I’ve just had a fascinating conversation with a senior motor industry analyst, who was able to put some numbers against the potential costs of creating the much-discussed ‘scrappage’ scheme.

It was enough to persuade me that these incentives are a pretty good idea – and a far cheaper way to help blow some of the tumbleweed out of the nation’s car showroooms than the government’s heavy, cumbersome ‘loan guarantee’ scheme.

According to my contact, who has been in on discussions at the highest level, the scrappage scheme would cost the exchequer around £170m. That’s a non-trivial amount of money – but it pales into something approaching insignificance next to the oceans of cash that have been ploughed into Britain’s beleaguered banking sector.
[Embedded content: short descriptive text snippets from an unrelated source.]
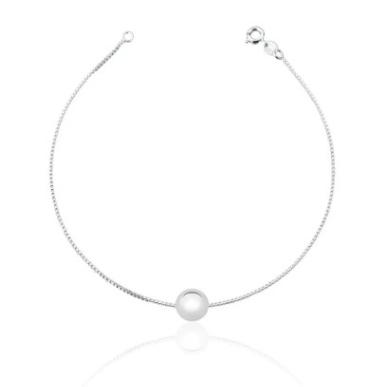 PULSEIRA DE PRATA 925 VENEZIANA COM UMA BOLINHA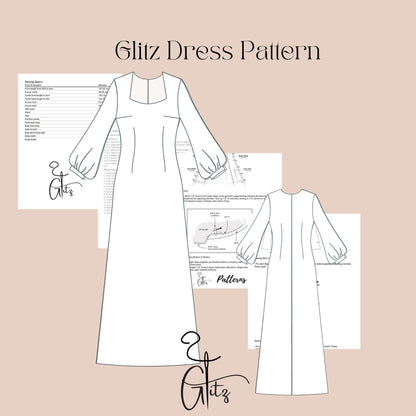Linen Dress Sewing Pattern Boho Dress Long Puff Sleeve A Line Victorian Dress Sewing Pattern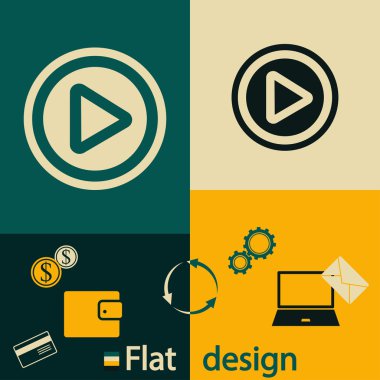 düğme web simgesi oynamak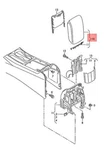 New Audi Q5 8RB Armrest Leatherette Soul Black 8R0864207G38M 09-16 Original. Price: $175.57.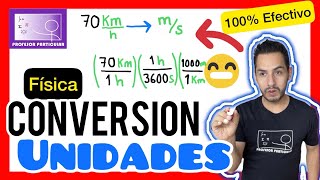 ✅CONVERSIÓN de UNIDADES Físicas 𝙈𝙚𝙟𝙤𝙧 𝙈é𝙩𝙤𝙙𝙤 😎​🫵​💯​ FÍSICA [upl. by Lolly]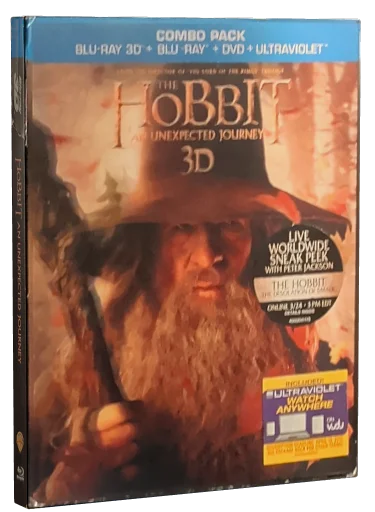 The Hobbit: An Unexpected Journey Blu-ray, Warner Brothers Home Video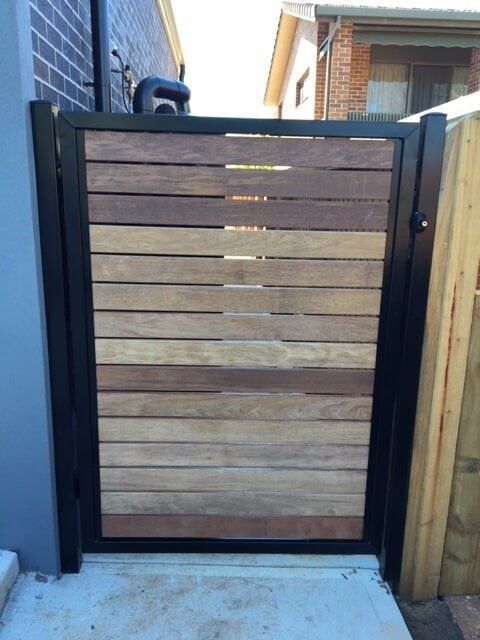 Wooden Gate 1 — Fencing in Port Macquarie, NSW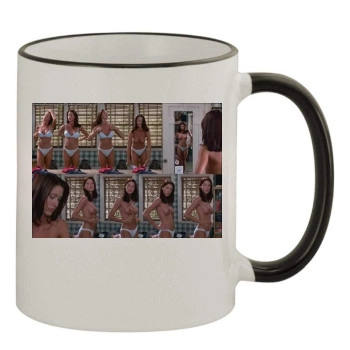 Shannon Elizabeth 11oz Colored Rim & Handle Mug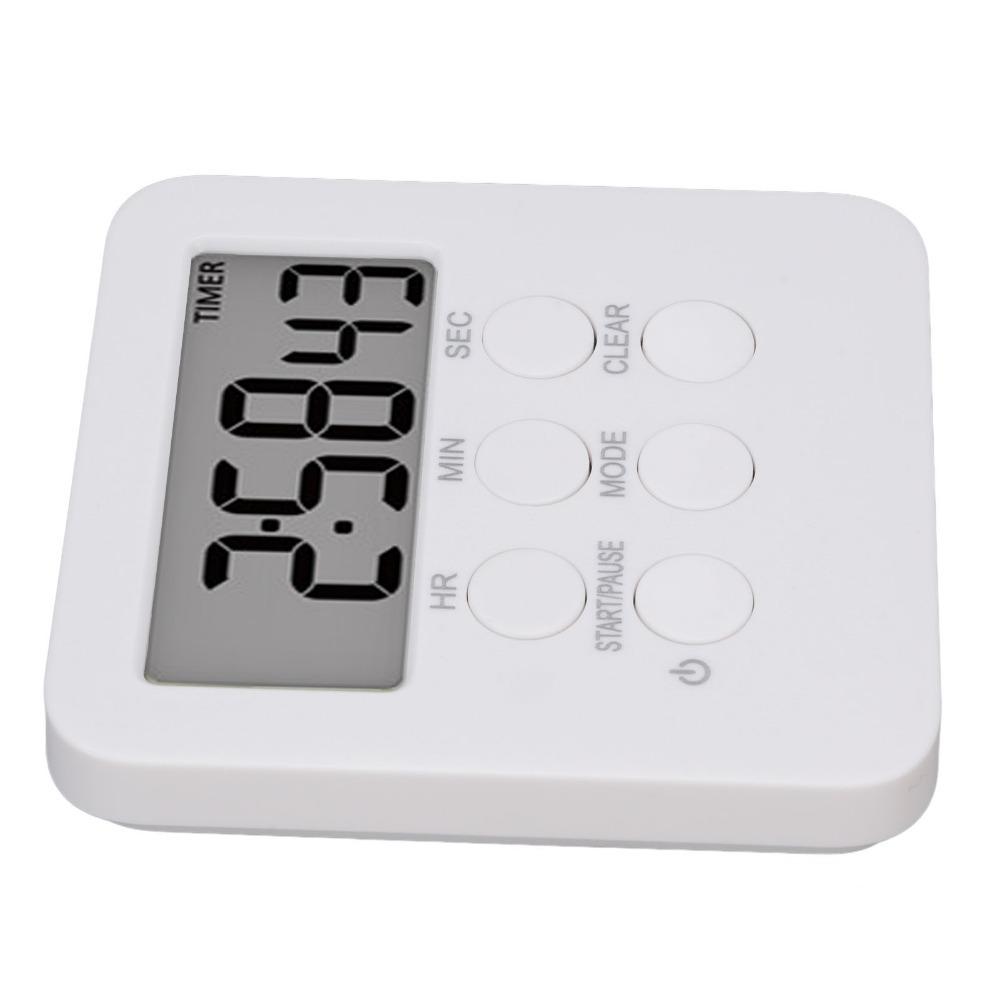 White Alarm Clock Multi-functional Countdown Timer Small Reminder Device  for Cooking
That £170m would pay for a scrappage scheme capped at 250,000 cars and 30,000 commercial vehicles, with the extra VAT the government would rake off the new sales offsetting a fair chunk of the incentive for scrapping an older car, which would be set at around £2000 per vehicle.

From the industry’s point of view, scrappage makes far more sense than the loan guarantee scheme.

Most important, there are no doubts about its legality under EU law and, once put into place, analysts are confident that it would produce both an almost-instant effect on showroom traffic, potentially saving dozens of dealerships from bankruptcy – oh, and also helping to reduce the average vehicle’s CO2 emissions in line with the Government’s stated aims.

£170m. Not cheap – but potentially good value.